Мелодия не состоит из тонов, стихотворение не состоит из слов, скульптура не состоит из линий; для того чтобы превратить единство каждого из этих предметов во множественность, придется растащить их и разорвать на части; так же обстоит дело и с человеком, которому я говорю Ты. Я могу отнять у него оттенок его волос, оттенок его речи, оттенок его доброты; мне придется делать это снова и снова, но от этого он перестанет быть Ты.
Не молитва совершается во времени, а время в молитве, не жертва совершается в пространстве, а пространство в жертве, и тот, кто опрокидывает это отношение, уничтожает действительность; так и человека, которому я говорю Ты, не обнаруживаю я в каком-либо Когда и Где. Я могу переместить его туда, и мне придется делать это снова и снова, но только в образе Он, или Она, или Оно, но это уже не будет мое Ты.
Пока надо мной простирается небо Ты, ветры причинности стихают у моих ступней и истощаются водовороты судьбы.
Я не познаю в опыте человека, которому говорю Ты. Однако я состою с ним в отношении внутри священного основного слова. Только выходя из него, я снова могу познавать его в опыте.

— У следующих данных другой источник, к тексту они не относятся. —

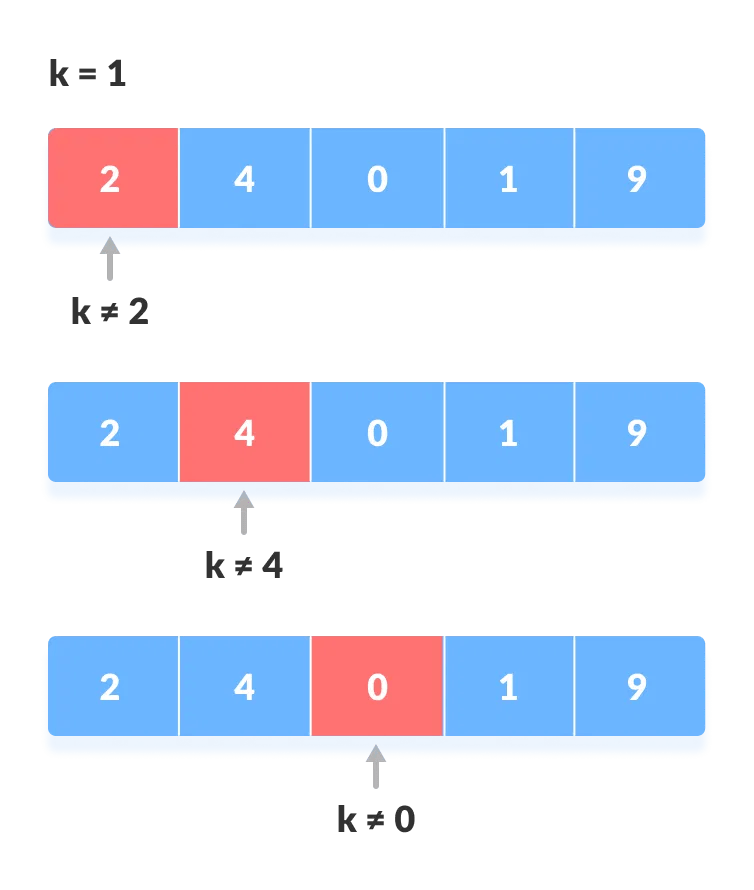 An Simplified Explanation Of Linear Search Karuna Sehgal Karuna Sehgal Medium 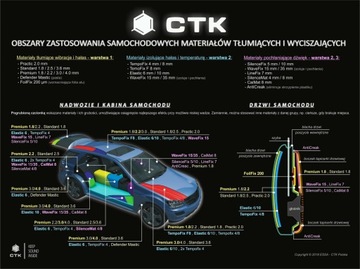 NAJLŻEJSZA MATA WYGŁUSZAJĄCA CTK Premium 1,8mm, 3m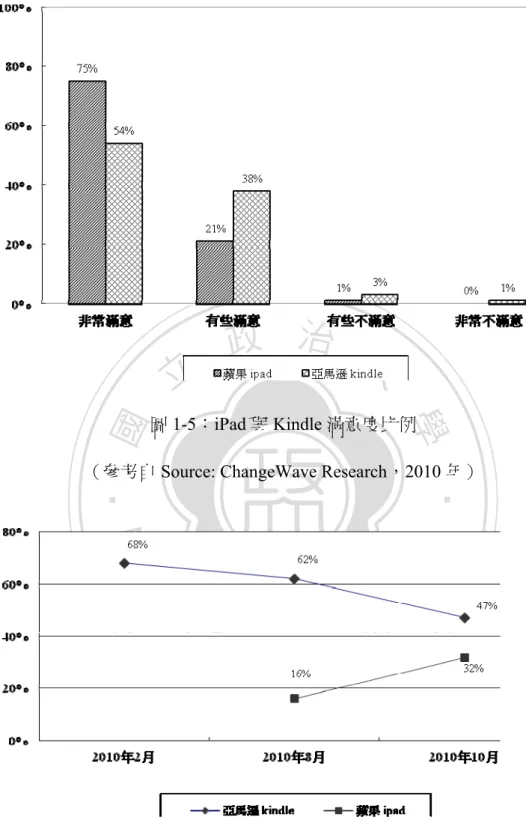 圖 1-6：現在消費者所擁有之電子書閱讀器比例 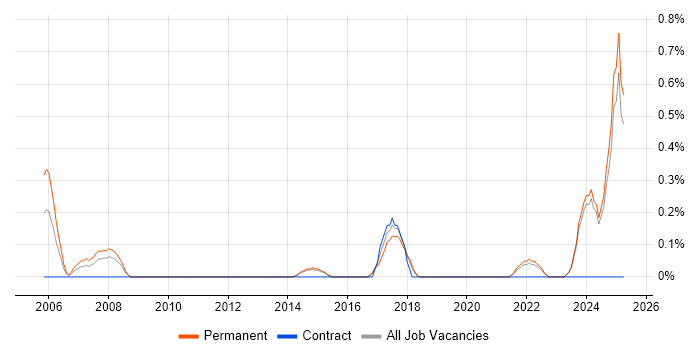 Job vacancy trend for Marketing Technology in Kent Job vacancy trend for Marketing Technology in Kent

Приобретение опыта возможно лишь на удалении от Ты.
Отношение может сохраняться, даже если человек, которому я говорю Ты, не воспринимает его, погруженный в свой опыт. Ибо Ты есть нечто большее, чем осведомленность Оно. Ты делает нечто большее, чем знает Оно. Сюда не проникает обман: здесь колыбель настоящей жизни.
Это вечный источник искусства – когда перед человеком предстает образ, желающий через этого человека стать произведением. Оно не есть порождение души – оно проявление представшего образа, и это проявление требует от человека действительного мастерства. Это зависит от деяния человека: исполнит ли он это деяние, обратит ли от всего своего существа основное слово к проступающему образу, – и если он это сделает, то польется из источника творящая сила, возникнет произведение.
Деяние предполагает жертву и риск. Жертва: безграничная возможность, принесенная на алтарь образа; все, что до этого играючи пересекало перспективу, должно быть отброшено, ибо ничто постороннее не смеет проникать в произведение. Риск: основное слово может быть произнесено только и исключительно целостным существом; тот, кто отдает себя, не смеет ничего удерживать для себя; произведение не потерпит, чтобы я – в отличие от дерева и человека – предался успокоению и безмятежности мира Оно: если я не буду ревностно ему служить, оно разрушится или разрушит меня.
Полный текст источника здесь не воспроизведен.